From: Kevin Wolf <kwolf@suse.de>
To: Laurent Vivier <Laurent.Vivier@bull.net>
Cc: qemu-devel@nongnu.org
Subject: Re: [Qemu-devel] [PATCH] Align file accesses with cache=off (O_DIRECT)
Date: Wed, 30 Apr 2008 11:21:56 +0200 [thread overview]
Message-ID: <48183A34.7030608@suse.de> (raw)
In-Reply-To: <1209487719.4248.43.camel@frecb07144>
[-- Attachment #1: Type: text/plain, Size: 2575 bytes --]
Laurent Vivier schrieb:
>> Hm, yes. We could call raw_pread in raw_aio_read when O_DIRECT is used
>> and the request is not properly aligned. Is this what you meant?
>
> No, it was just a (stupid) comment. I think we must not convert
> asynchronous I/O to synchronous I/O.
Why not? If I'm not mistaken (but if you think it's wrong, probably I
am) the only possible drawback should be performance. And we're not
talking about normal guest IO, these accesses are aligned anyway.
>> I think we agree that it's mostly item 3 why one would use O_DIRECT with
>> qemu. In terms of reliability, it is important that the data really is
>> written to the disk when the guest OS thinks so. But when for example
>> qemu crashes, I don't think it's too important if 40% or 50% of a
>> snapshot have already been written - it's unusable anyway. A sync
>> afterwards could be enough there.
>
> I don't speak about "qemu crashes" but about "host crashes".
Well, I've never seen a host crash where qemu survived. ;-)
What I wanted to say: If the snapshot is incomplete and not usable
anyway, why bother if some bytes more or less have been written?
> I'm not in the spirit "my patch is better than yours" (and I don't think
> so); but could you try to test my patch ? Because if I remember
> correctly I think It manages all cases and this can help you to find a
> solution (or perhaps you can add to your patch the part of my patch
> about block-qcow2.c)
I really didn't want to say that your code is bad or it wouldn't work or
something like that. I just tried it and it works fine as well.
But the approaches are quite different.

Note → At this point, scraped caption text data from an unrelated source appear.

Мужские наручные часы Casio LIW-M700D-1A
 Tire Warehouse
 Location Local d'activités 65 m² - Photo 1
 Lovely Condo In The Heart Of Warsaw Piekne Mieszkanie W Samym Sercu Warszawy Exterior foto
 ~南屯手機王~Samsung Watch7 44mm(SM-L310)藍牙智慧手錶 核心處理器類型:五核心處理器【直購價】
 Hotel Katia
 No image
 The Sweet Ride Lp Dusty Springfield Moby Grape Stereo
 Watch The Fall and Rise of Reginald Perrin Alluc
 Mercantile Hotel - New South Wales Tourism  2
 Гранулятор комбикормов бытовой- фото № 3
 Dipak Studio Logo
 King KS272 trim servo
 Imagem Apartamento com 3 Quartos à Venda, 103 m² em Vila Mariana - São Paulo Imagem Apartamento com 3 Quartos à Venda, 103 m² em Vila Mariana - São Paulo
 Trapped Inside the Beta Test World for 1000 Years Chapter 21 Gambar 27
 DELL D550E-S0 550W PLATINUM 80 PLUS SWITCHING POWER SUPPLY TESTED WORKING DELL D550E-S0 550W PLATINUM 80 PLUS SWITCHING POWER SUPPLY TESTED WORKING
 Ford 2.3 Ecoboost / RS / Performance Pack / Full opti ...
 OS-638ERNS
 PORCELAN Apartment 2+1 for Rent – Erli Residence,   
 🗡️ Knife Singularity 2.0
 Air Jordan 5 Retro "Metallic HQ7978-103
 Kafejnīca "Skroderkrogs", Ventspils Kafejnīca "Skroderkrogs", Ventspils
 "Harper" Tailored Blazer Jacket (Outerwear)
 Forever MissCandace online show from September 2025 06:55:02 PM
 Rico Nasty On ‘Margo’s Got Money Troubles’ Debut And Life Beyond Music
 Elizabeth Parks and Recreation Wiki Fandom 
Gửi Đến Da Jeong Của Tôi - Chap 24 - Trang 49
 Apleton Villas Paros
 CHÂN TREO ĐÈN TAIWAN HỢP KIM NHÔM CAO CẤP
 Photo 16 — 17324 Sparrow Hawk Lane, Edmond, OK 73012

Your patch makes every user of
the block driver functions aware that O_DIRECT might be in effect. My
patch tries to do things in one common place, even though possibly at
the cost of performance (however, I'm not sure anymore about the bad
performance now that I use your fcntl method).
So what I like about my patch is that it is one change in one place
which should make everything work. Your patch could be still of use to
speed things up, e.g. by making qcow2 aware that there is something like
O_DIRECT (would have to do a real benchmark with both patches) and have
it align its buffers in the first place.
I'll attach the current version of my patch which emulates AIO through
synchronous requests for unaligned buffer. In comparison, with your
patch the bootup of my test VM was slightly faster but loading/saving of
snapshots was much faster with mine. Perhaps I'll try to combine them to
get the best of both.
Kevin
[-- Attachment #2: align-odirect-accesses.patch --]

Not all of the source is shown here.